RARA-AVIS: shooting horses and thieves

From: Robison Michael R CNIN ( Robison_M@crane.navy.mil)
Date: 16 May 2002


hi everybody!

well, i'm back from the big apple! didja miss me? yeah, right. hahaha.

i finished mccoy's _they shoot horses, don't they?_. i could not become interested in the plot (if there was one) or the characters. the girl spent the book doing a sylvia plath "i wish i were dead" routine and in the end he was dumb enough to ruin his life too by helping her out. (this is not a spoiler, incidentally. you know the ending at the very be- ginning.)

mccoy did do a good job of portraying the sense of desperation in the great depression, but i had just finished cain's _postman_, so that wasn't exactly new to me.

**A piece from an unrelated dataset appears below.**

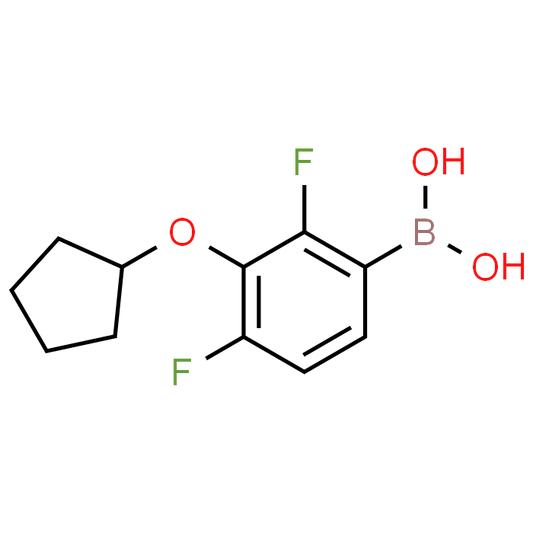 3-(Cyclopentyloxy)-2,4-difluorophenylboronic acid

and i just finished up anderson's _thieves like us_. i liked it. good clean prose and excellent, well developed characters. he did a good job of getting inside bowie's head. the dialogue was excellent at portraying the characters. the relationship between keechie and bowie was well written.

my only disappointment (very slight) is that because i knew it was noir, i essentially knew the ending. like mrT recently stated, the genre is predictable.

shifting gears a bit: i got to thinking about that predictability factor and decided that's one of the reasons that harris's
_hannibal_ really rocked. a hardboiled gal like claris going over to the enemy camp is just unheard of. it shook the foundation. i'm glad they fixed it in the movie. ;-)

i just started fearing's _the big clock_. its pretty darned good, but nobody's dead yet.